Knowledge Fragments

A knowledge fragment is the unit of information in a Piggydb database. The box which contains the text you are reading now is a fragment. The content of a fragment is usually text like this fragment (Text Fragment), but you can also input a file of arbitrary type as a single fragment which is called a "File Fragment".
I recommend that you keep individual fragments relatively small. Smaller fragments, which focus on single issues, give you more flexibility when you organize and relate them using the tags.
Piggydb provides you with various ways to view organized fragments. This is one of its advantages when compared to other systems, such as wikis or blogs.

Text Fragments

A text fragment is a fragment whose content is composed of text, and it is a primary component to compose your knowledge in a Piggydb database. The content can be formatted using a wiki-like markup syntax, as shown:
(Clicking the help button [?] shows the Wiki Markup Help.)
Piggydb puts the focus on the logical structure of knowledge rather than presenting information in a visually impressive way. So Piggydb provides just a minimal set of tools for simple formatting such as basic font decorations, lists, quotes, tables, etc. It does not provide a sectional level of text formatting because in Piggydb this is realized not in the content of a fragment, but with relationships among fragments and tags.

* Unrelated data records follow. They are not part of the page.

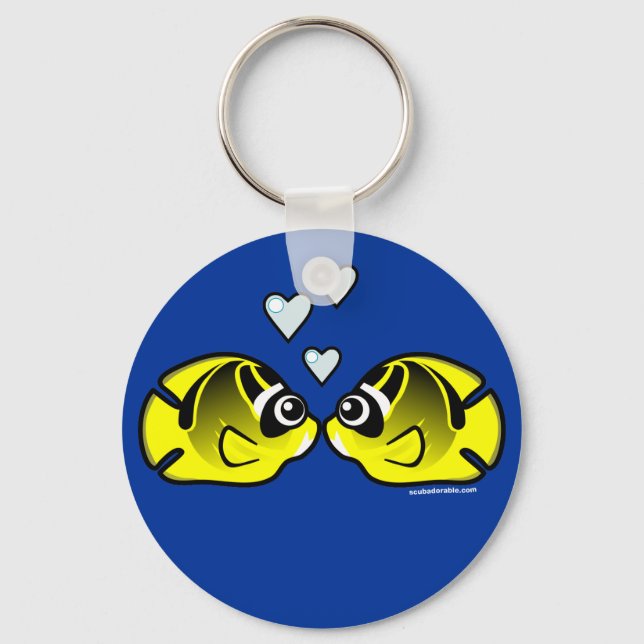 Raccoon Butterflyfish Love Keychain (Front)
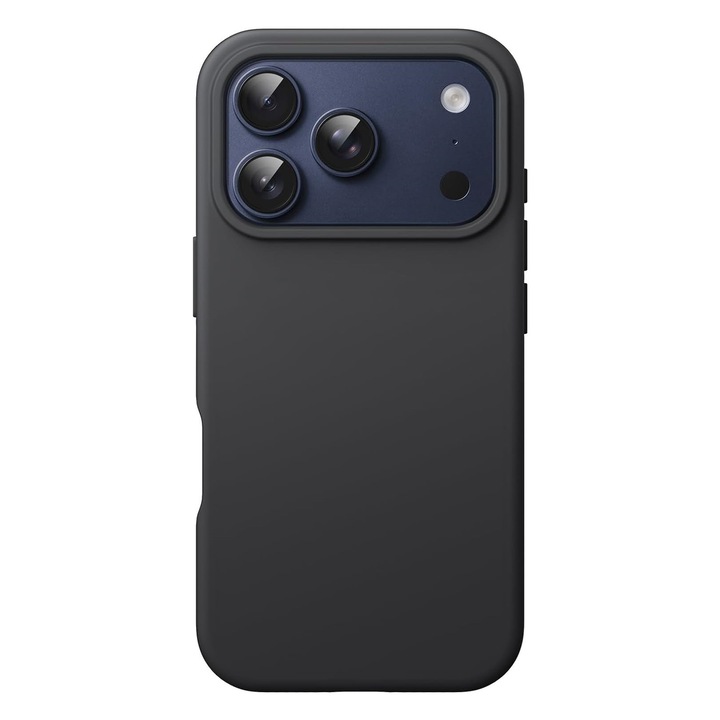 Husa protectie compatibila cu iPhone 17 Pro Max, slim, silicon Negru cu interior din microfibra, protectie camera, protectie ecran, ISAG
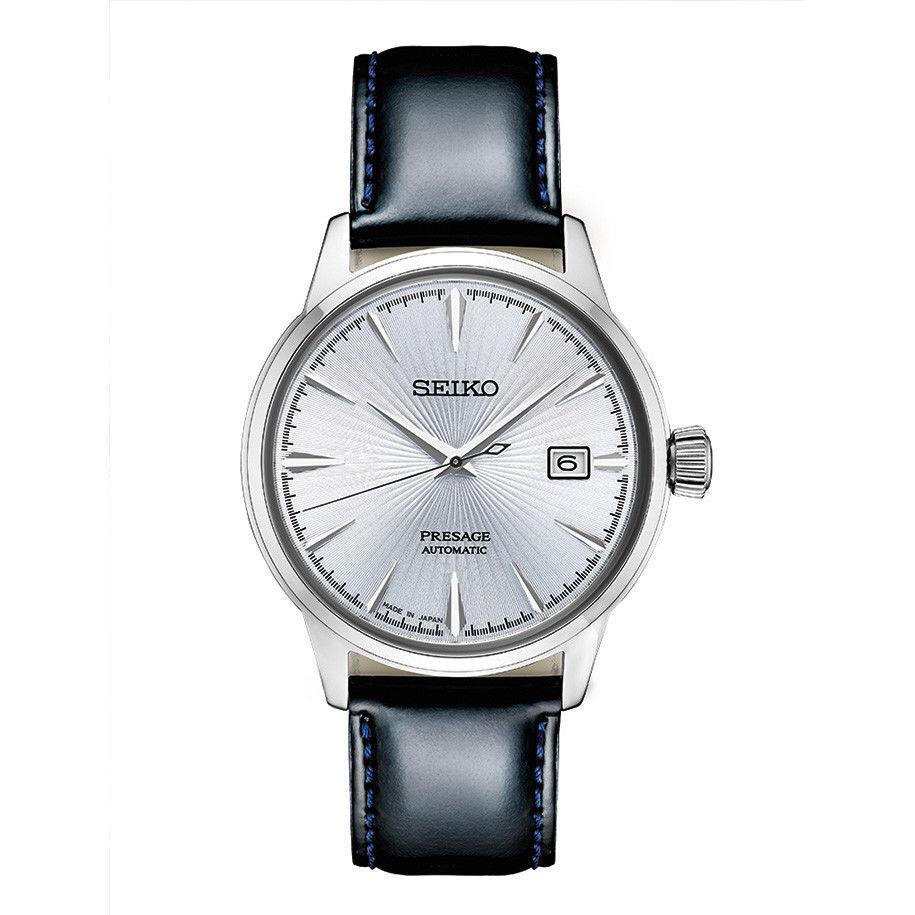 Seiko Men`s Cocktail Presage Leather Auto Watch 23 Jewel Exhibition SRPB43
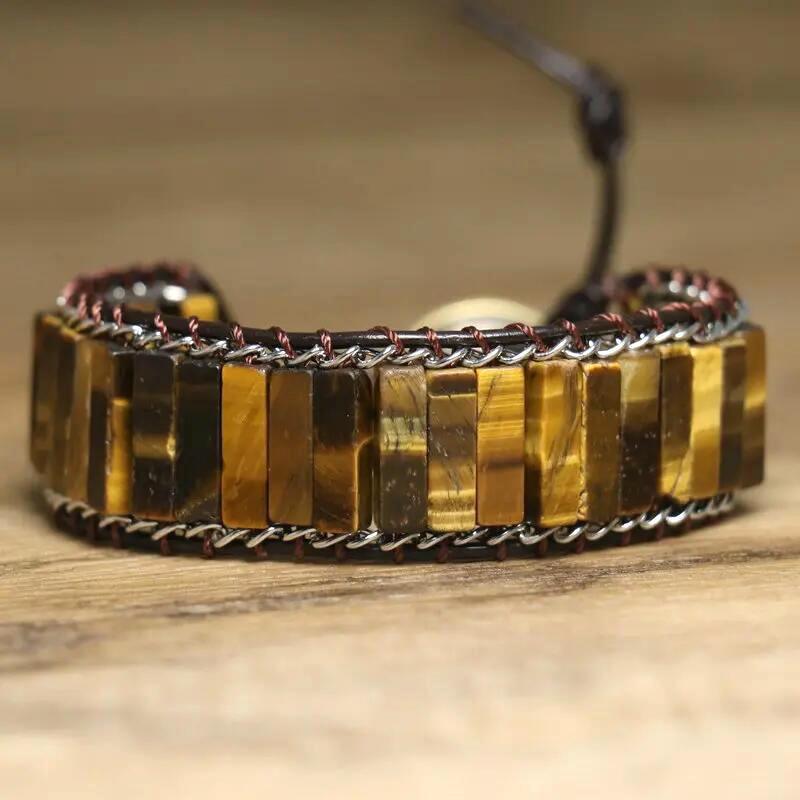 

Кожаный браслет с прямоугольной бусиной Тигровый глаз – Плетеная металлическая цепочка, Бохо-украшение, Регулируемый, Подарок для защиты для мужчин и женщин разноцветный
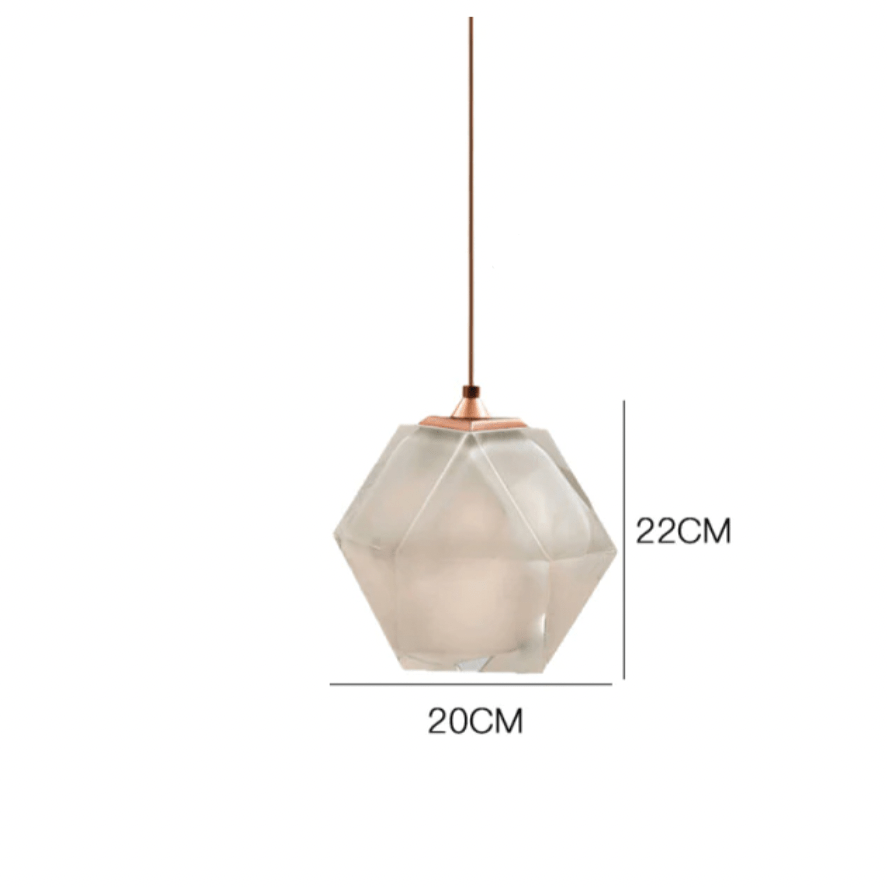 Suspension design diamant coloré en verre cristal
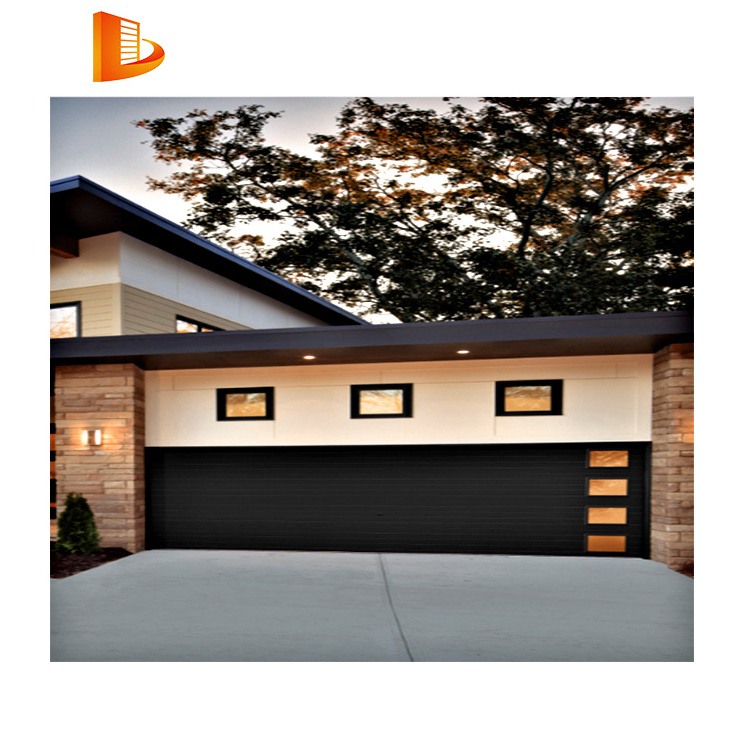 custom garage doors, automatic, electric, sectional, Double skin, wooden car, for Villa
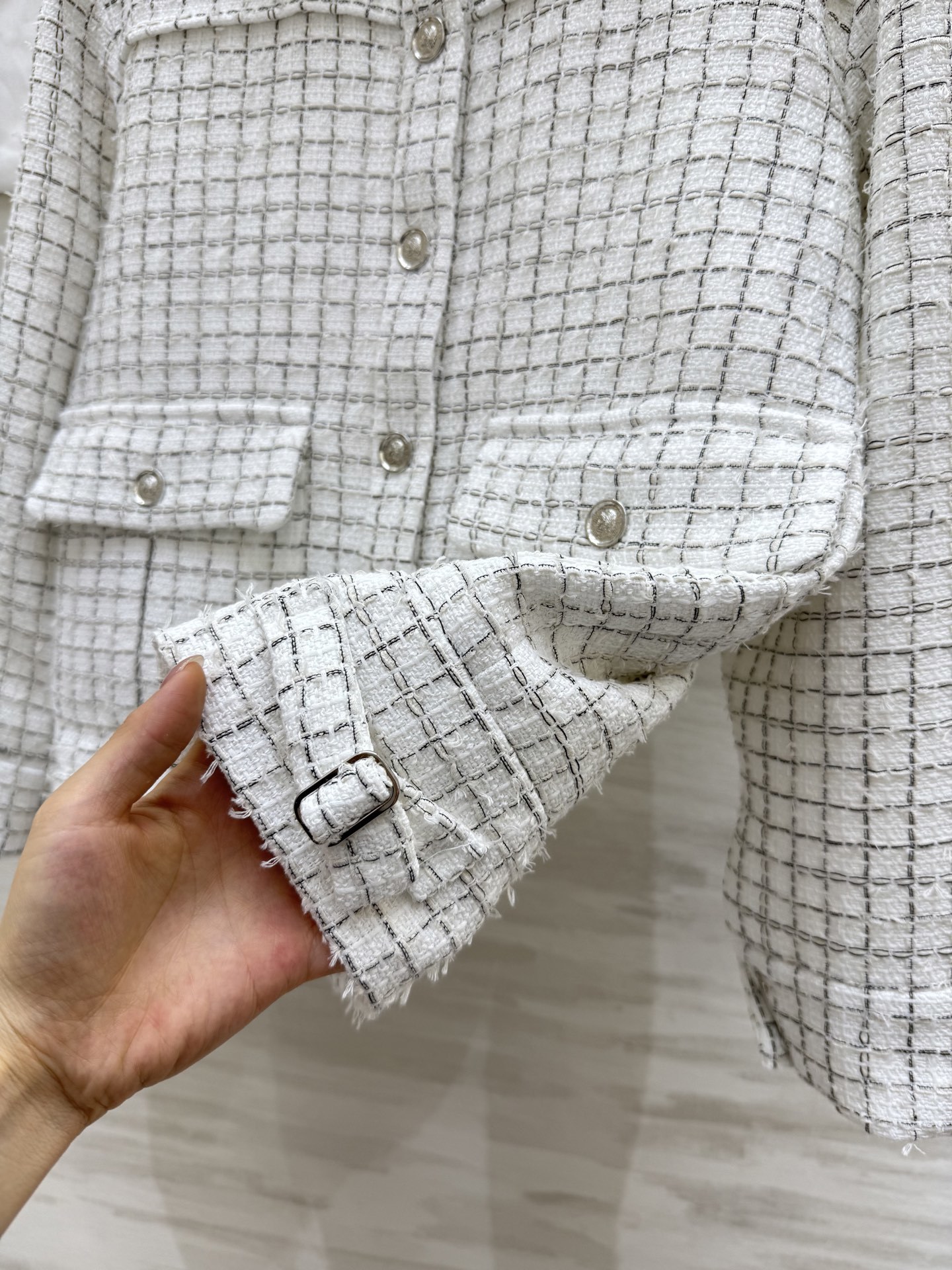 #Chane♡²⁵s黑白格翻领粗花呢外套 高品质定制 现货首发size:36/38/40()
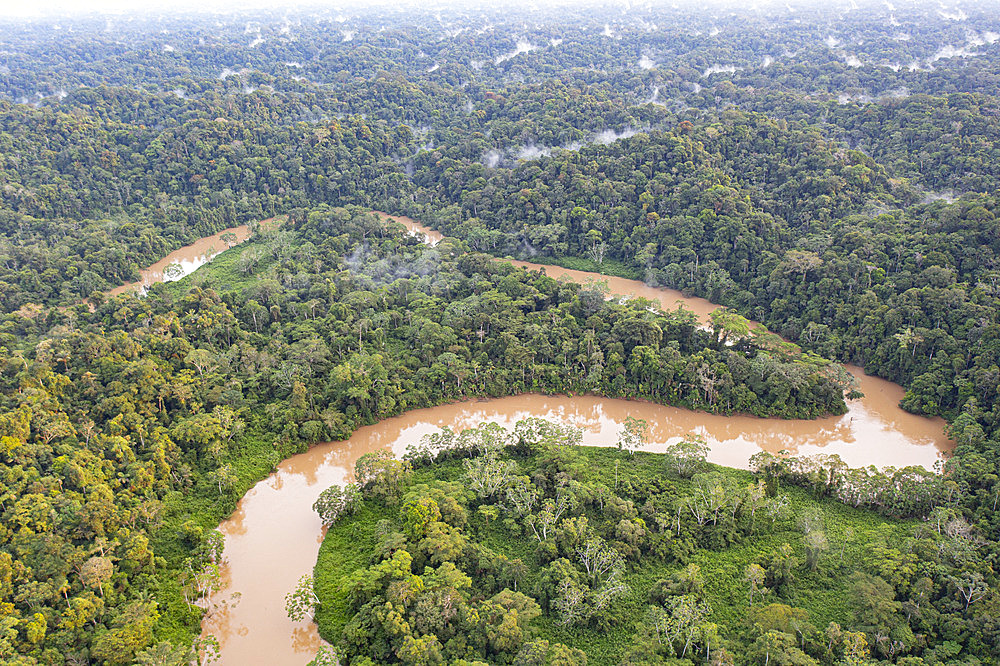 Rio Tiputini and rainforest canopy, Yasuni Park, Ecuador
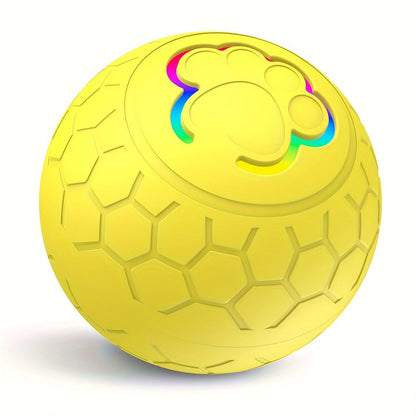Interactive Smart Pet Toy Ball – Auto Rolling, RGB Lights, USB Rechargeable for Dogs & Cats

#pre tag / #code tag → ...

Adding a #pre tag to a text fragment displays the content "as is" and no further formatting will be applied to it (similar to HTML <pre>..</pre> mark-up).
Adding both #pre and #code tags to a text fragment displays the content "as is" with program-code syntax highlighting.
You can optionally specify the programming language in which the code is written with a #lang-<language name> tag, for more detail of language names, see the google-code-prettify document.

Fragment Embedding

The text fragment formatting allows you to embed other fragments in the content of a text fragment.
A fragment embedded in another:

MathJax Support → ...

LaTeX expressions in the content will be converted into mathematics notation by MathJax.

File Fragments

A file fragment is a fragment whose content is a single file, of any type. Piggydb allows you to supply files as knowledge fragments because you can then organize them exactly like text fragments, using tags and establishing relationships.
A file fragment differs from a text fragment in the way its content is treated. At present, the content of a file can not be the target for keyword searches and it will not be displayed, unless it is an image file.
Because of these differences, file fragments, currently, are most useful when embedded in text fragments (to visually enhance them) or to collect supporting and reference documents.

Fragment Relationships

Simple, unconnected knowledge fragments can be used as a personal journal or a diary, aided by the calendar interface, and you can use the full-text search facility to find and retrieve the information. However, as you connect ('relate') knowledge fragments to one another, the knowledge in your database becomes more useful and valuable.
Structurally the relationships between fragments resemble a network; this is less limiting than other types of relationship such as the tree structure, where each node can only have one parent. Piggydb allows relationships between fragments to be as complex as you need.
A well-built network of related fragments can be navigated easily using the Tree View, and arbitrary parts can be viewed using the Document View which renders in a "printer-friendly" format.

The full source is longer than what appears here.